Former Republican Senate Majority Leader Bob Dole condemned the partisan bickering over health care reform and urged Republicans last week to be open to President Barack Obama’s initiative, which he said will inevitably pass.

“Sometimes people fight you just to fight you,” Dole said at a health care reform summit.

The Republican Party needs to listen to Dole if it wants to survive.

The tendency to disagree with the president is understandable. After all, the two-party system is supposed to produce different ideas for the country.

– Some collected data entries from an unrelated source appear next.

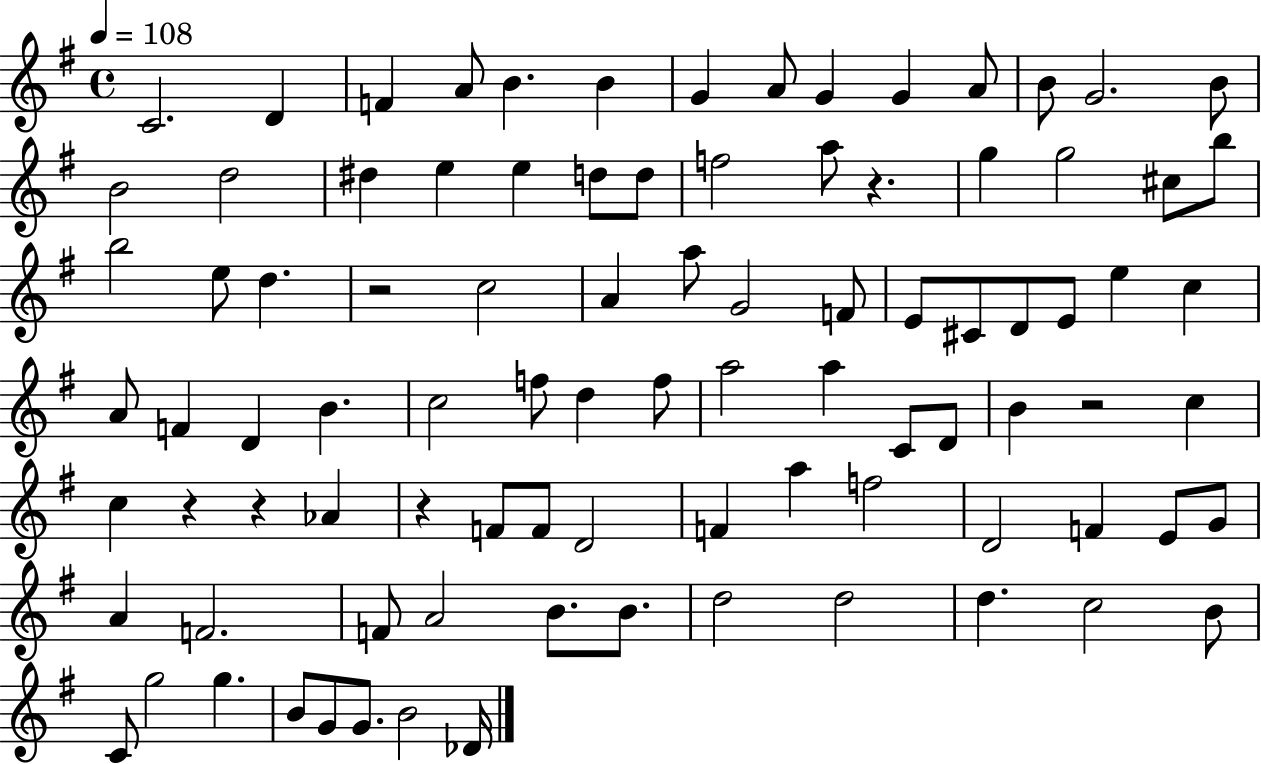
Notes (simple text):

C4/h. D4/q F4/q A4/e B4/q. B4/q G4/q A4/e G4/q G4/q A4/e B4/e G4/h. B4/e B4/h D5/h D#5/q E5/q E5/q D5/e D5/e F5/h A5/e R/q. G5/q G5/h C#5/e B5/e B5/h E5/e D5/q. R/h C5/h A4/q A5/e G4/h F4/e E4/e C#4/e D4/e E4/e E5/q C5/q A4/e F4/q D4/q B4/q. C5/h F5/e D5/q F5/e A5/h A5/q C4/e D4/e B4/q R/h C5/q C5/q R/q R/q Ab4/q R/q F4/e F4/e D4/h F4/q A5/q F5/h D4/h F4/q E4/e G4/e A4/q F4/h. F4/e A4/h B4/e. B4/e. D5/h D5/h D5/q. C5/h B4/e C4/e G5/h G5/q. B4/e G4/e G4/e. B4/h Db4/s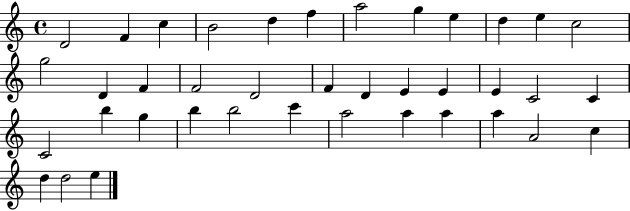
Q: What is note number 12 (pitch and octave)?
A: C5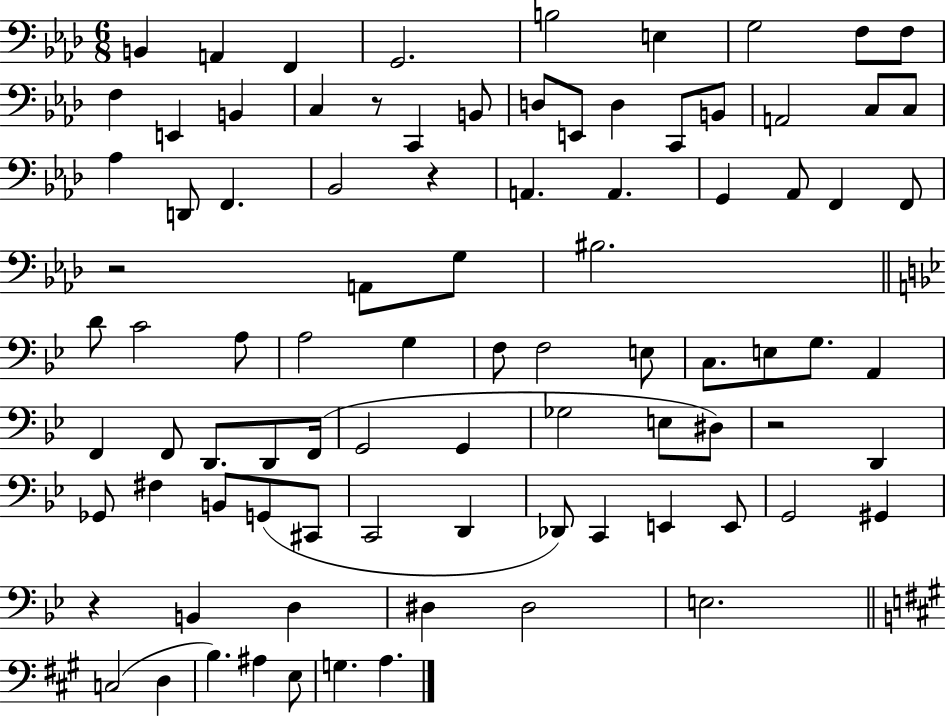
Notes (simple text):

B2/q A2/q F2/q G2/h. B3/h E3/q G3/h F3/e F3/e F3/q E2/q B2/q C3/q R/e C2/q B2/e D3/e E2/e D3/q C2/e B2/e A2/h C3/e C3/e Ab3/q D2/e F2/q. Bb2/h R/q A2/q. A2/q. G2/q Ab2/e F2/q F2/e R/h A2/e G3/e BIS3/h. D4/e C4/h A3/e A3/h G3/q F3/e F3/h E3/e C3/e. E3/e G3/e. A2/q F2/q F2/e D2/e. D2/e F2/s G2/h G2/q Gb3/h E3/e D#3/e R/h D2/q Gb2/e F#3/q B2/e G2/e C#2/e C2/h D2/q Db2/e C2/q E2/q E2/e G2/h G#2/q R/q B2/q D3/q D#3/q D#3/h E3/h. C3/h D3/q B3/q. A#3/q E3/e G3/q. A3/q.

However, through Fox News analyst Glenn Beck’s heartfelt tears for freedom and Rush Limbaugh’s screaming about Nobel prizes, it is impossible to hear any constructive Republican ideas for the nation’s progress.

It has been almost a year since Obama was elected, yet the GOP has no positive initiative because its political philosophy of fiscal responsibility is dead.

The Ronald Reagan era of financial conservatism went down the same drain as the hypocritical billions spent by former President George W. Bush. And the relative decency of the Gingrich days has been replaced by town hall protests and the Republican Party’s death panel claims.

As the boisterous “No” Party becomes defined by faux American Revolution tea party protests and calls for birth certificates, the GOP’s descent into darkness is not shocking.

Modern Republicans will keep fighting without respect to reason because the party thrives on conflict. The GOP relies on wedge issues like abortion and gay marriage to guilt some voters into electing them.

Americans should someday see through the scare tactics of the Republican Party. For America to prosper or even survive in the years ahead, its people must be informed, intelligent and mentally stable. Otherwise, economic and military competitors will wipe out the country.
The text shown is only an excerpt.